NCAP -  “Nagios Collector and Plugin”
version 0.4


Giray Devlet <giray@osc.nl> 2004-02-29

---------------------------------------------------------------------------

Table of Contents
	Introduction
	Design
	Internals
	Installation
	Installation from Source
	Installation with RPM
	Configuring NCAP 
	The ncap daemon	
	The check_ncap plugin 	
	Debuggin
	Contact Info

---------------------------------------------------------------------------

Introduction
This document is about using and configuring the Nagios Collector and Proxy 
(ncap).  You need an understanding of Nagios - http://www.nagios.org/ 
nrpe (Nagios Remote Plugin Executor) - 
http://www.nagios.org/download/extras.php 

ncap will receive requests by check_ncap, via the nagios (monitoring) 
host.  Then these requests are proxied to actual nrpe daemons.

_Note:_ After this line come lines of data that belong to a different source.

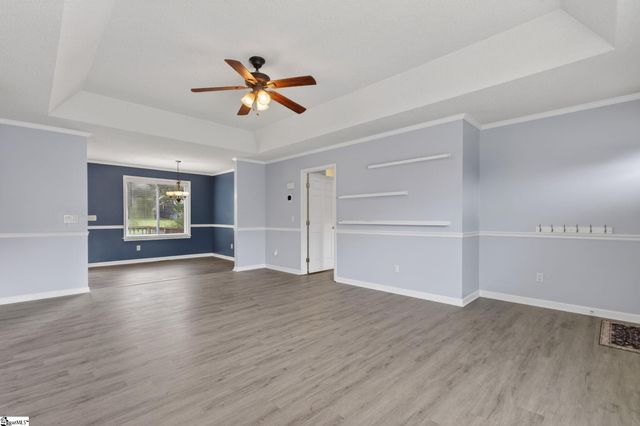 11 Rison Road, Greenville, SC 29611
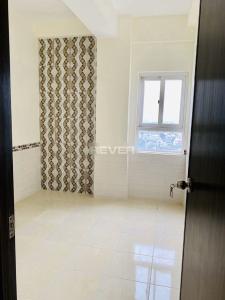 Căn hộ First Home Thạnh Lộc, Quận 12 Căn hộ tầng 12 First Home Thạnh Lộc diện tích 54m2, nội thất cơ bản.
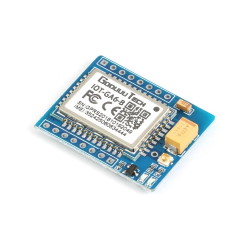 Модуль GSM IOT-GA6-B Goouuu Tech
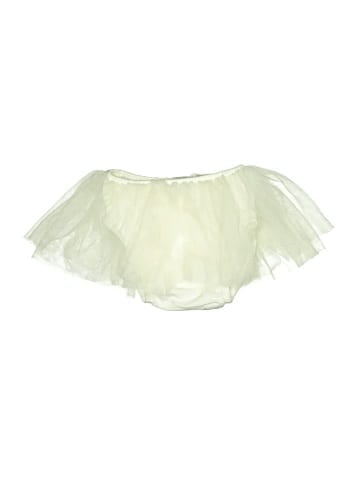 Mud Pie Skirt (view 1)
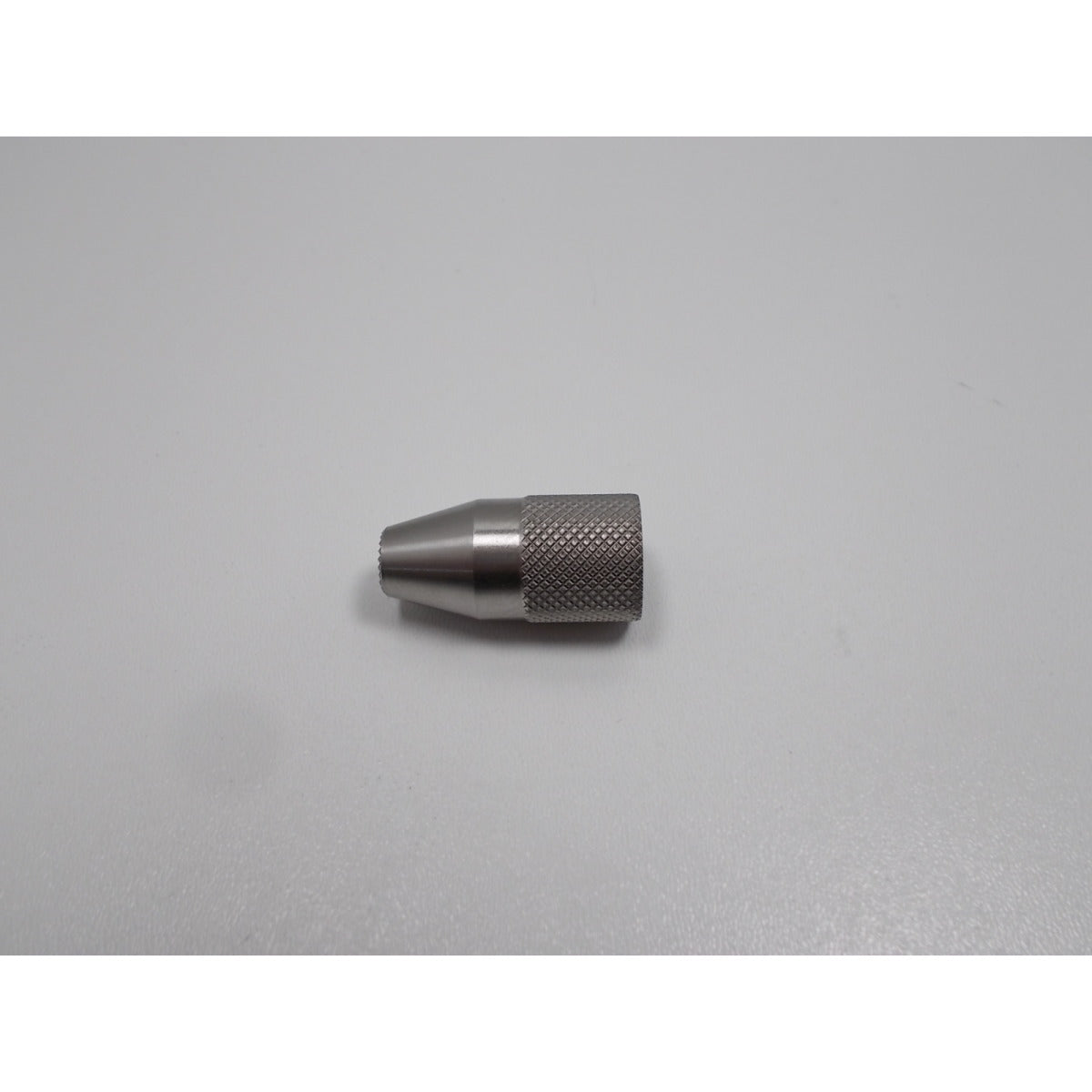 Aircraft Klemmmutter GS PRO - Art. 0240311002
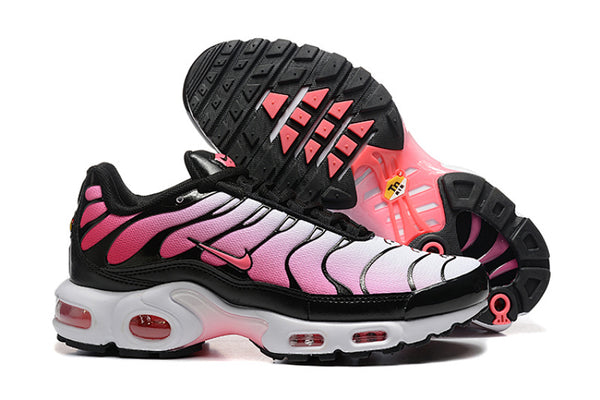 Nike Air Max TN Plus 8909-587 — Sneakers Homme Tailles 36-47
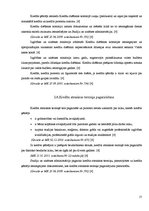 Referāts 'Studiju un studējošā kredīts- iespēja vai nasta?', 17.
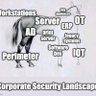 vPierre0x0's profile picture. creating security
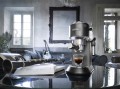 Ekspres ciśnieniowy DeLonghi Dedica Style EC 685.BK (1350W; kolor czarny) - 1646258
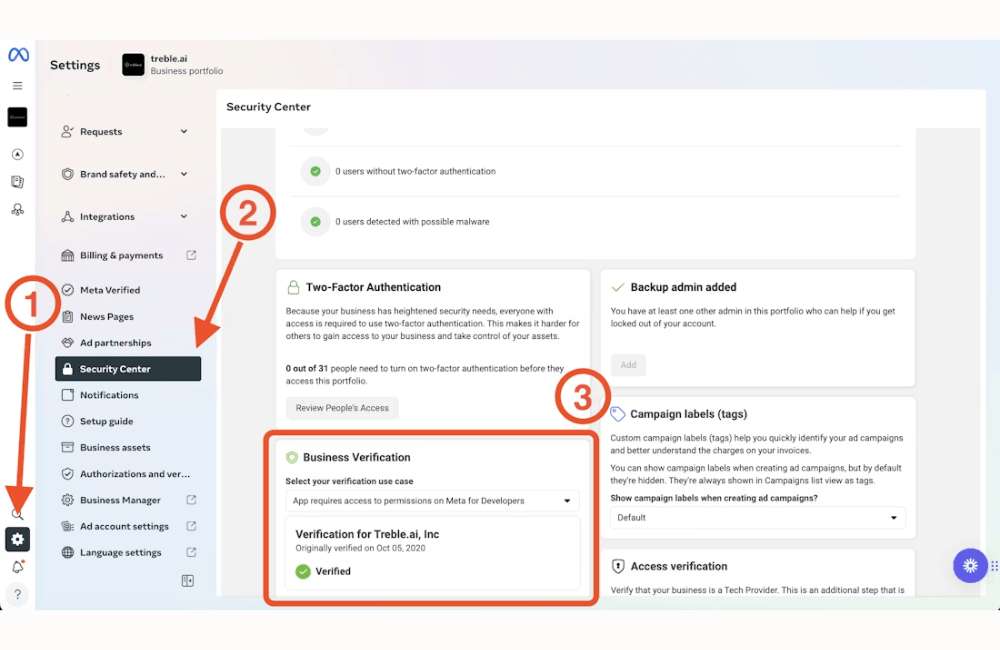 Can you run Crypto Ads on Facebook?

---------------------------------------------------------------------------

Design
The idea is to have a separate collector that gathers information from 
nrpe's.  Then nagios gets its information from the collector (via a 
separate plugin, similar to check_nrpe).  The need for something like 
this comes from the need for scalability (to have separate collectors 
for separate environments).  Or to use it as a gateway between network 
borders.

'check_ncap' is a plugin for nagios, it:
	communicates with a given collector.  Has parameters such as 
	collector-IP, host-IP, check-command.

'ncap'  is a daemon that can work in two modes
	I) transparent
	In transparent mode it will receive requests from a specified 
	nagios host, and blindly forward the request to the specified  
	host with the given command.  Received requests will be cached, 
	and continuously (according to a specified interval) checked.  
	Results will be cached at the collector.  When nagios asks for 
	a status, cached information will be provided.
	If for a certain period new requests do not arrive, the checks 
	for that service will not be repeated.

	Advantage: 
		No need for extra configuration on the collector.  
		(only specification of authorized nagios host)
	Disadvantage:
		nagios host IP's can be spoofed and random checks can 
		be executed, which can result into DOS attacks!
		initial check will result in a 'UNKNOWN' state.

	II) non-transparent
	In the Non-transparent mode extra configuration is required. 
	Host/command pairs need to be entered to specify which checks are 
	allowed.  Checks will continue independent from requests 
	generated by the nagios host.  When a request is made, cached 
	information will be provided.

	Advantage:
		In case of a DOS attack, monitored systems will not 
		be directly bothered.
	Disadvantage:  
		One more system will have to be configured.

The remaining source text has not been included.